I think what's missing is an explanation of what an eviction threshold. Why you would want to use a soft one over a hard one?
There was a problem hiding this comment.
an example for a soft eviction and hard eviction threshold would be the following:
- operator wants to evict immediately if memory falls below <5% (hard threshold)
- operator wants to evict if memory falls below <30% for 1 min (soft threshold)
in this scenario, the operator would like their machines to steady at 70% utilization, but are willing to go above that for short periods of time. that is the general idea. our ops team will typically use two thresholds for a similar reason.
There was a problem hiding this comment.
With the below, and this is said a few times, but we're saying "The node supports the ability to X" a lot. I take that to mean something needs to be enabled in order to use it. Is that the case? If it's by default, it should just be saying "The node can X".
There was a problem hiding this comment.
we have no default eviction thresholds enabled in 3.3, so a user today must opt-in to this behavior. Meaning they need to setup the node to do this now. we will get defaults in the future.
There was a problem hiding this comment.
Where is this found? A file somewhere?
There was a problem hiding this comment.
this is basically describing a syntax for a threshold.
in 3.3, we just support literal thresholds (memory.available<100Mi)
in 3.4, we will support percentage thresholds as well (memory.available<10%)
so in 3.4, we will need to update this doc to reflect that both input styles are valid.
a sample node configuration is given in the "Example scenario" section.
There was a problem hiding this comment.
How does this tie into the above? There's nothing to really explain that at all.
There was a problem hiding this comment.
its meant to mean the signals in table 1 (which now lists one), but in 3.4 needs to list 4 more (all disk related)
There was a problem hiding this comment.
What does that mean? Is that the only valid value for the bit?
There was a problem hiding this comment.
right now, < is the only supported operator, but there was discussion on potentially offering more. i kept the doc this way to allow it to grow without major re-writes.

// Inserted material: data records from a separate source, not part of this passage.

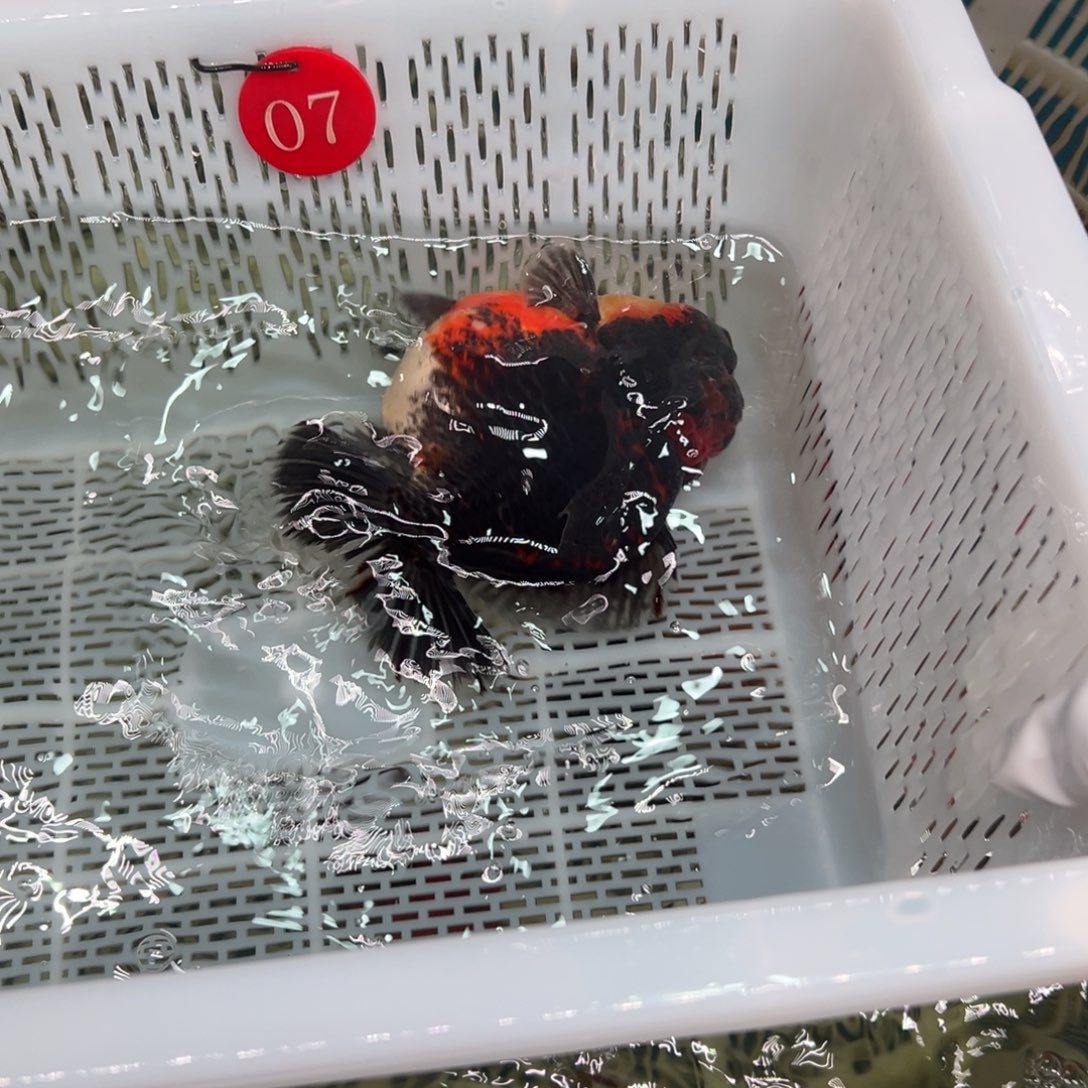 用***0金鱼你好吗我好想你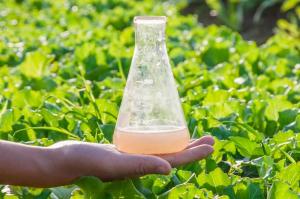 В Україні ініціюють зміни умов використання пестицидів та агрохімікатів — законопроект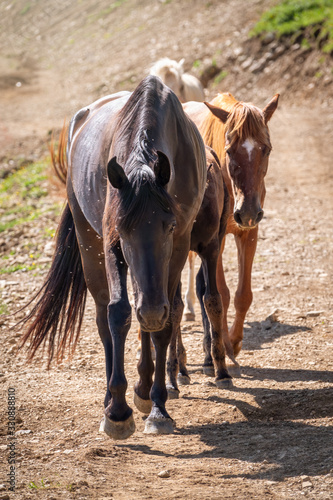 Several horses are moving along a mountain road.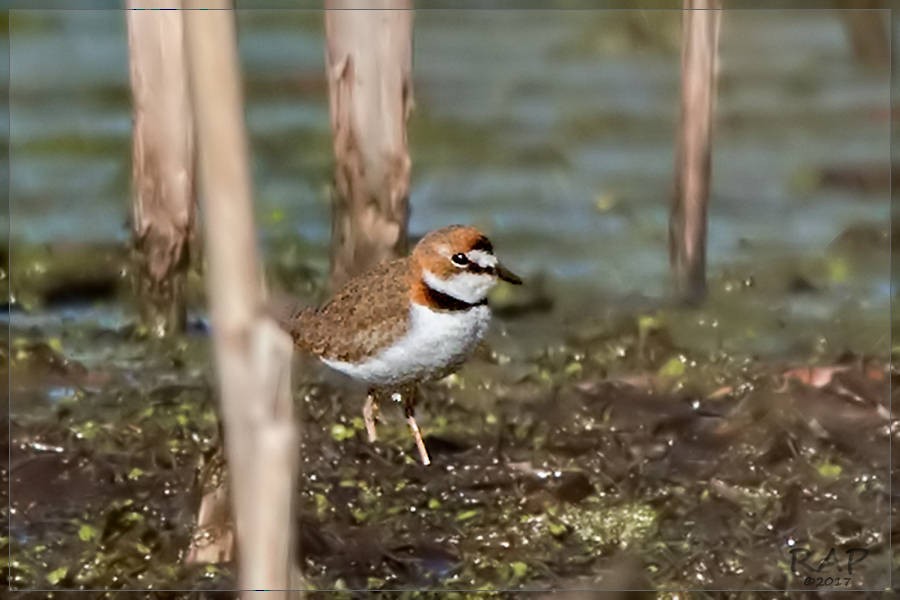 Collared Plover - ML60929391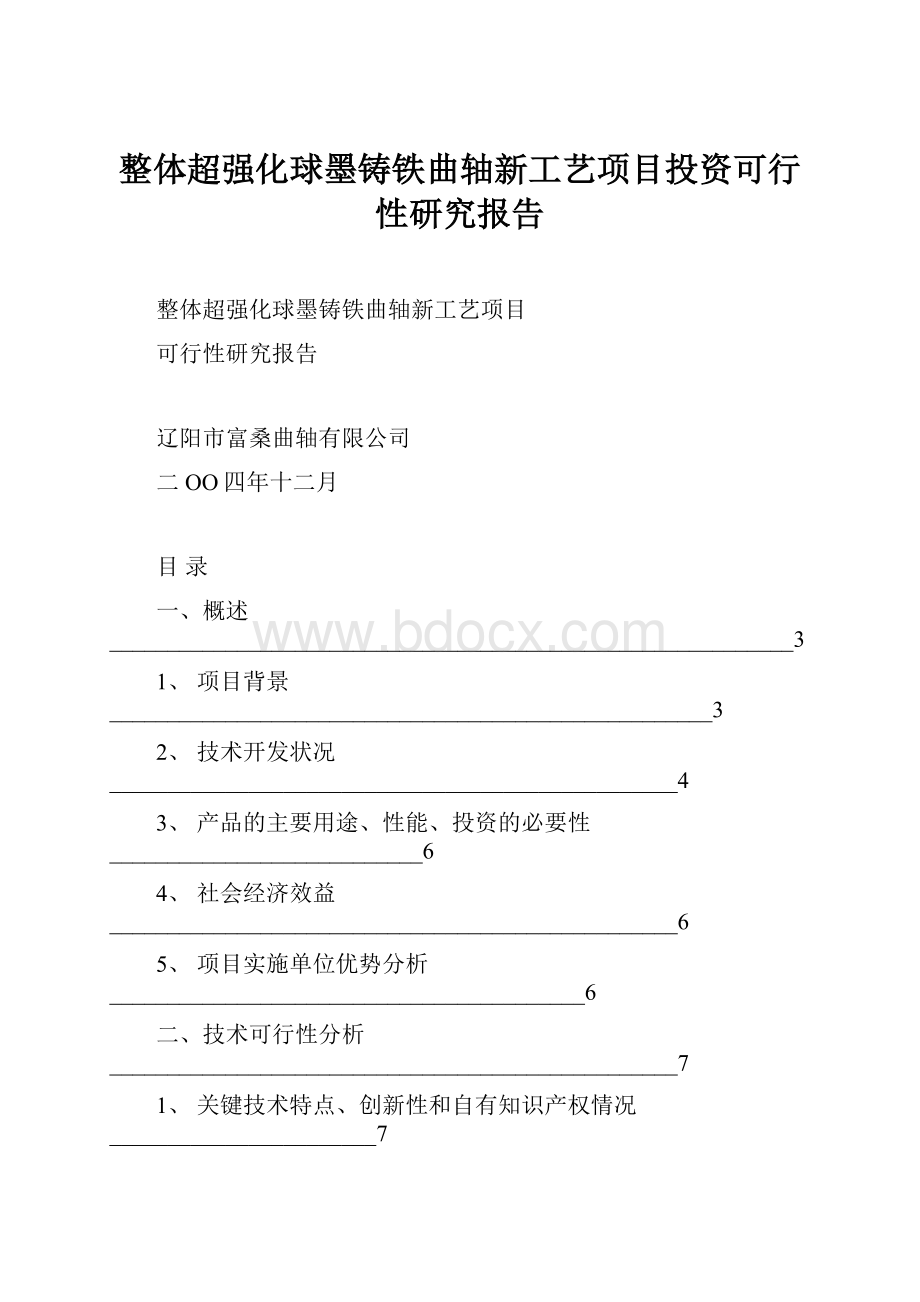 整体超强化球墨铸铁曲轴新工艺项目投资可行性研究报告.docx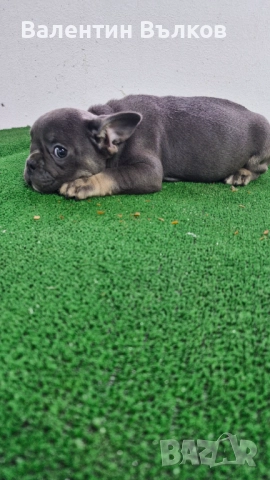 Продавам две  френски булдочета, снимка 7 - Френски булдог - 52897524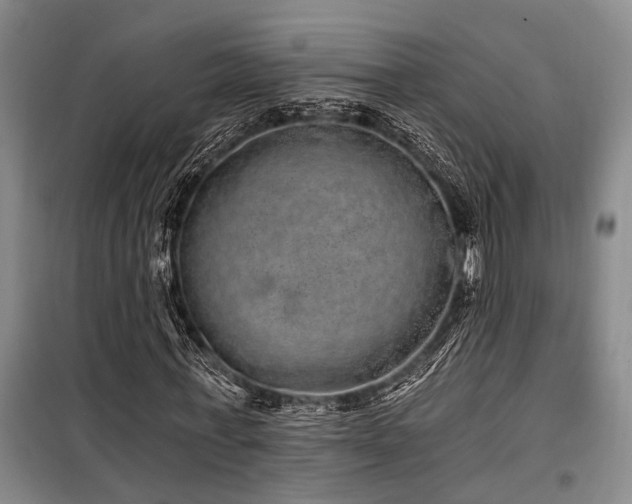 X0000100200771200805301309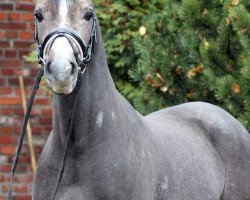 dressage horse Käpt'n Kaiman (German Riding Pony, 2016, from Kachunga)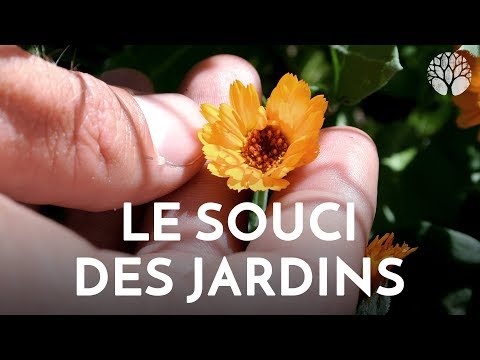 Vidéo: Devriez-vous couper les fleurs de calendula : Apprenez à couper un calendula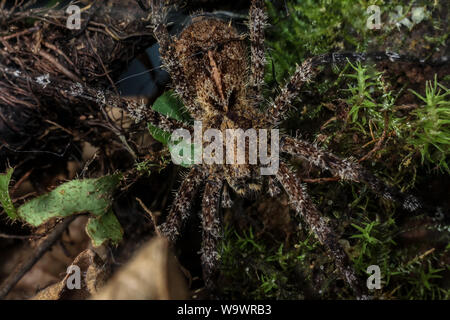 Blick von oben auf eine Enoploctenus wandering spidre vom Atlantischen Wald in Brasilien Stockfoto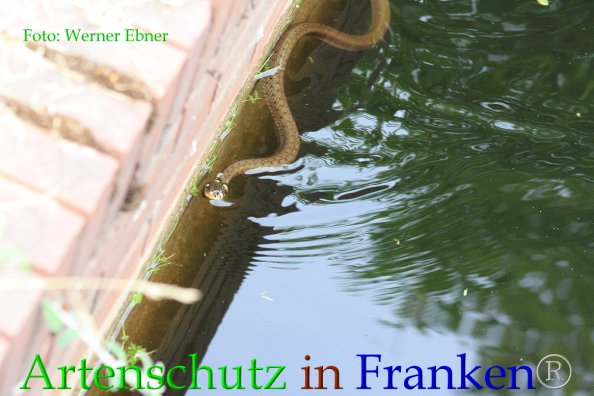 Copyright AiF Werner Ebner Bild zum Eintrag (85587-160)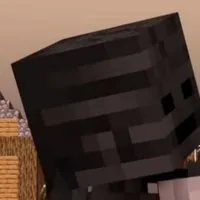 Wither skeleton[Anh Hai]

There was a problem hiding this comment.
How do you find that? Quantity of what?
There was a problem hiding this comment.
this basically means 'the syntax you used to express a quantity anywhere in openshift/kube' - so whether its how you declare the amount of cpu or memory for a pod, a constraint on quota, a limit in a limit range, etc. they all use the quantity representation. maybe its just obvious. we don't appear to have a good doc to describe:
https://github.com/kubernetes/kubernetes/blob/master/docs/design/resources.md#resource-quantities
There was a problem hiding this comment.
OK. I get you. I made a link out to the docs above, but you're right, it might be a good idea for us on docs to doc this at some point.
There was a problem hiding this comment.
With the below, I think an example would be a lot better... @derekwaynecarr Do you have one we could put into the docs?
There was a problem hiding this comment.
can we hold on a soft eviction scenario until we have disk? i think that will make more sense in that context for 3.4.
There was a problem hiding this comment.
Where is the "Housekeeping" interval?
There was a problem hiding this comment.
As noted earlier, I think we should just say:
"The node evaluates eviction thresholds every 10s."
In the future, hard eviction thresholds for memory will not use polling every 10s, and instead we will have the kernel tell us the threshold has been passed and act immediately. That is planned for Kubernetes 1.5 / Origin 1.5.
There was a problem hiding this comment.
so drop any mention of housekeeping interval.
There was a problem hiding this comment.
I did some minor rewrites so that it's specified that 10 seconds is the housekeeping interval.
There was a problem hiding this comment.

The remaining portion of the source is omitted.